Stored dataset items
────────
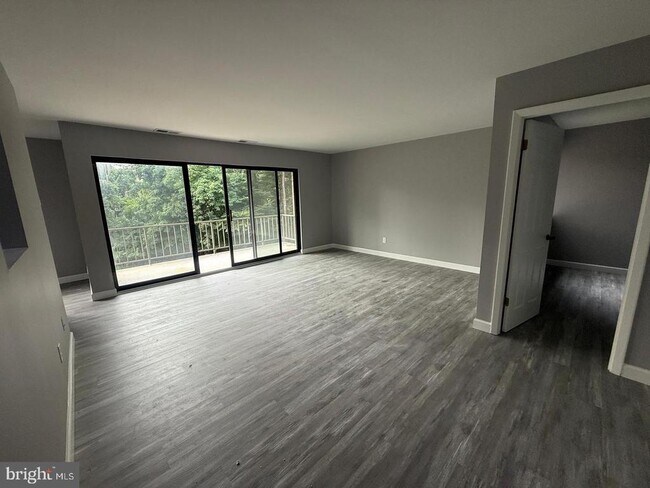 Building Photo - 6029 Majors Ln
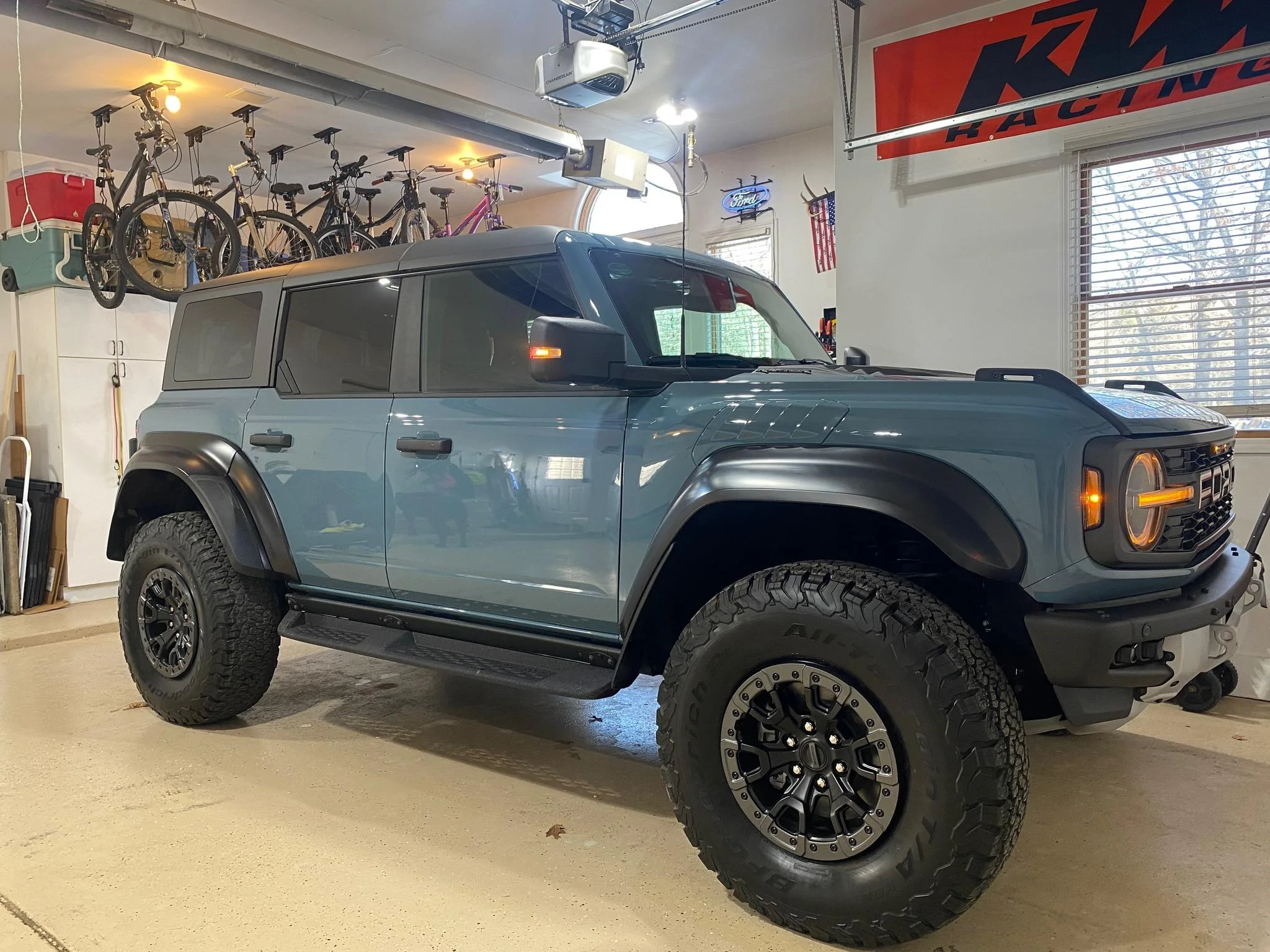 AZURE GRAY METALLIC Bronco RAPTOR Photos Thread | Bronco6G - 2021+ Ford ...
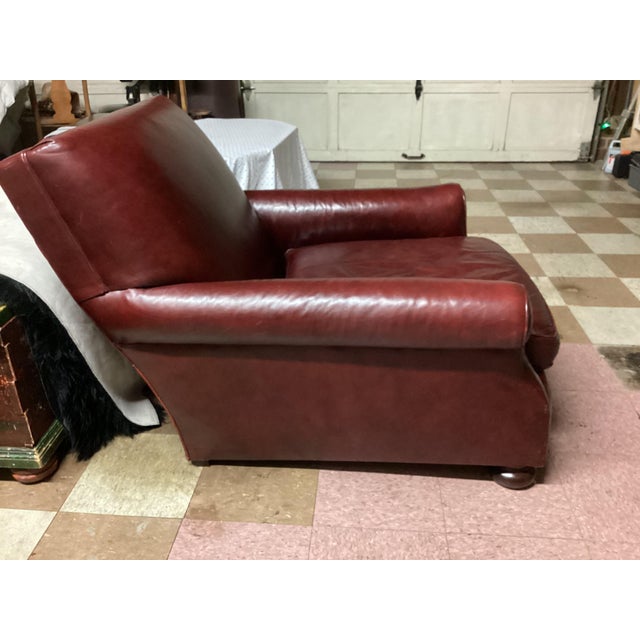 Gorgeous vintage club chair by Hickory Furniture, a division of Thomasville Furniture. Large, super roomy , comfortable...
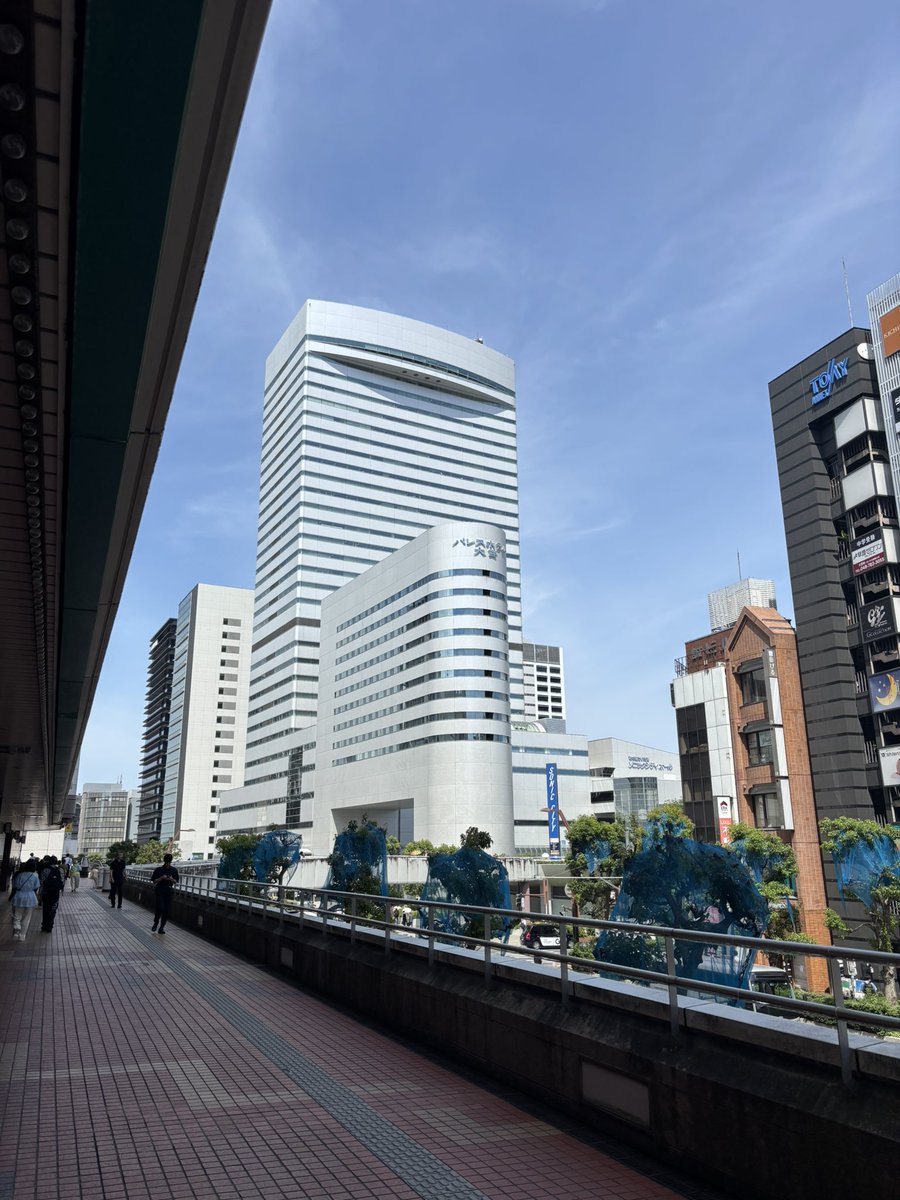 Kicchi_FREENch's tweet photo. またまたソニックシティに来てます
(ここに来るとFreenに引きずられるBeckyを思い出してしまいますねwwww)

これから入社前オリエンテーションです
本当は入社式をオンラインで出席するだけで良かったんだけど...
入社が早まったため入社前にオリエンテーションが追加で入りました https://t.co/IR8FgMKMcU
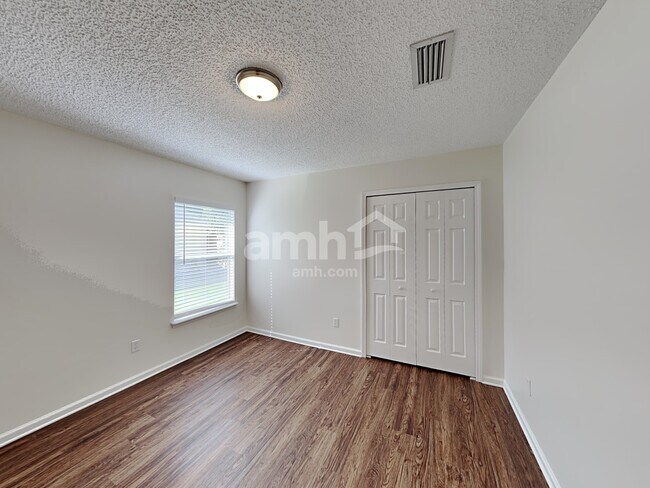 Building Photo - 745 Grand Parke Dr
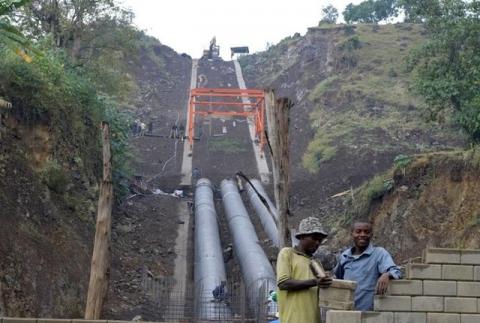 A 13.8 megawatt hydroelectric dam undergoes construction in Matebe, Democratic Republic of Congo, July 21, 2015. PHOTO BY REUTERS/Alyssa Ross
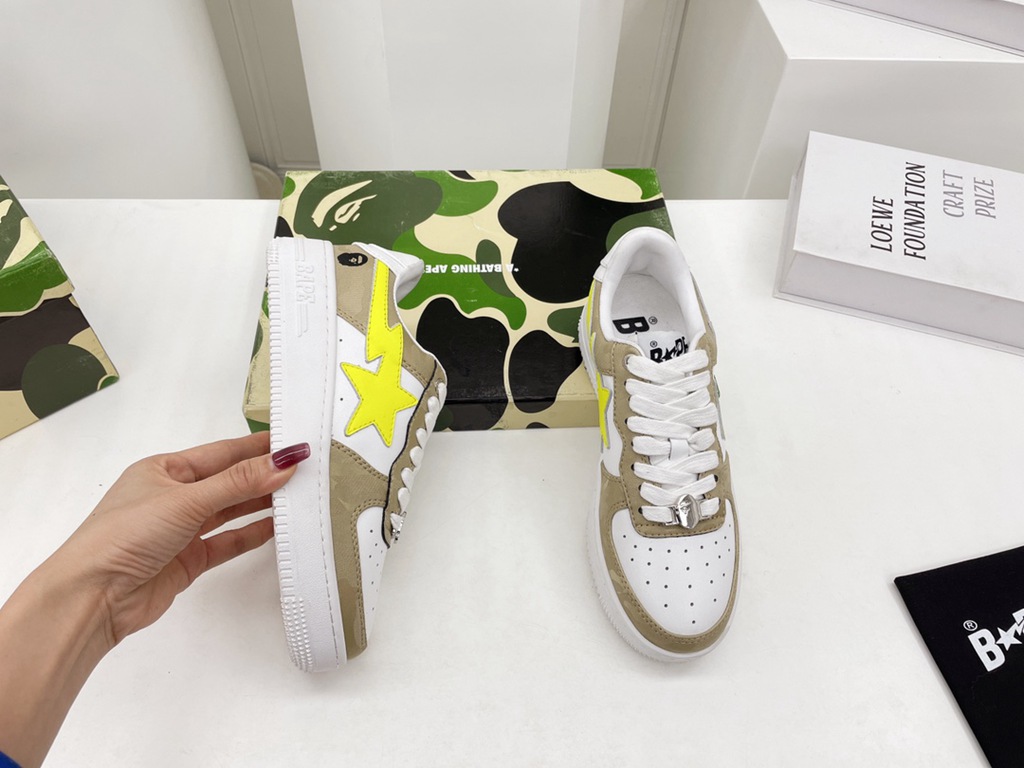 B*APE SNEAKERS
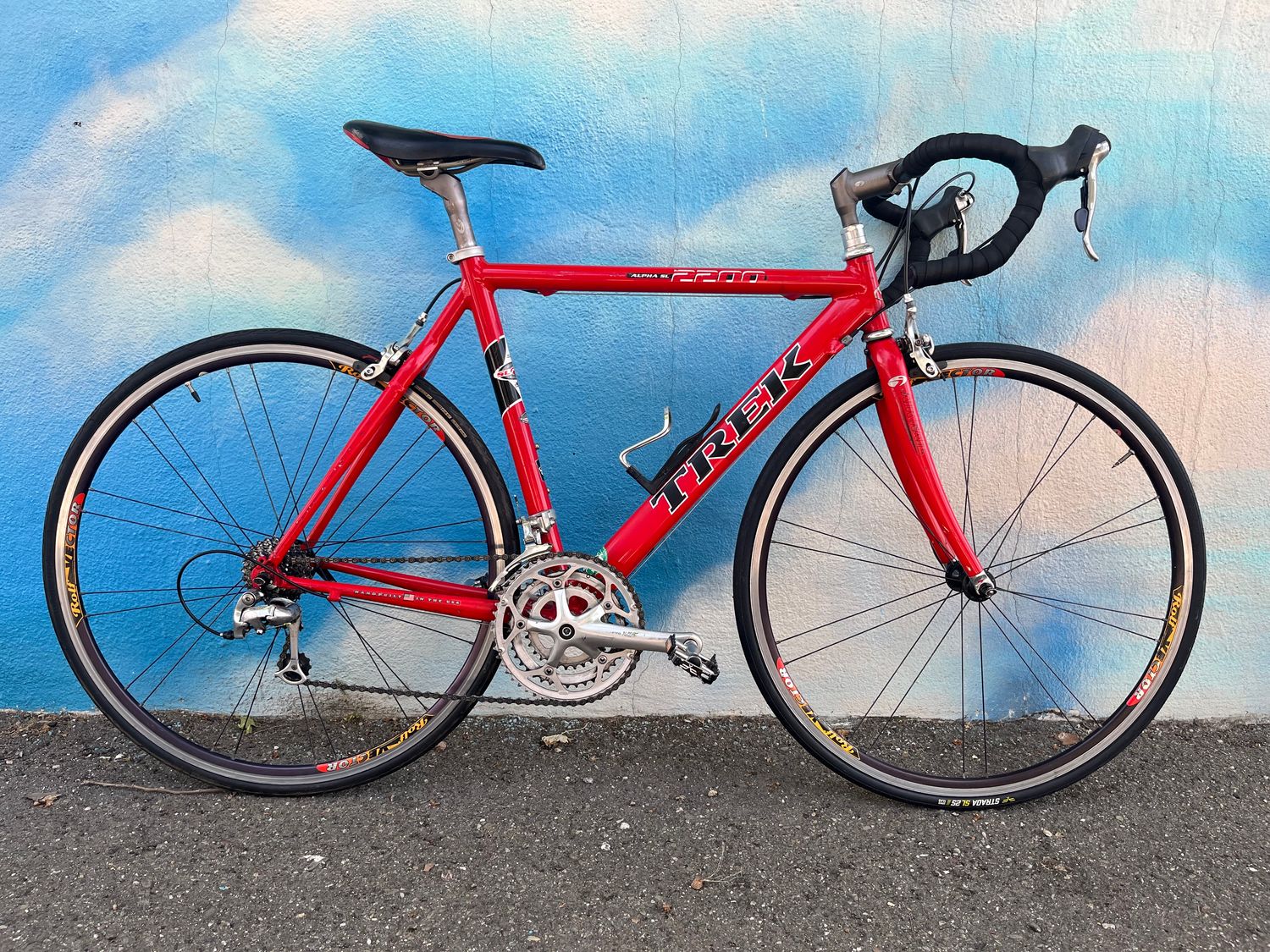 used Trek 2200, red, 54cm, as-is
────────
Work order
Up to and including the line that holds "入社が早まったため入社前にオ", restate word for word each line of the records from their start, and only those lines, leaving out the pictures.

Solution to this problem
 Building Photo - 6029 Majors Ln
 AZURE GRAY METALLIC Bronco RAPTOR Photos Thread | Bronco6G - 2021+ Ford ...
 Gorgeous vintage club chair by Hickory Furniture, a division of Thomasville Furniture. Large, super roomy , comfortable...
 Kicchi_FREENch's tweet photo. またまたソニックシティに来てます
(ここに来るとFreenに引きずられるBeckyを思い出してしまいますねwwww)

これから入社前オリエンテーションです
本当は入社式をオンラインで出席するだけで良かったんだけど...
入社が早まったため入社前にオリエンテーションが追加で入りました https://t.co/IR8FgMKMcU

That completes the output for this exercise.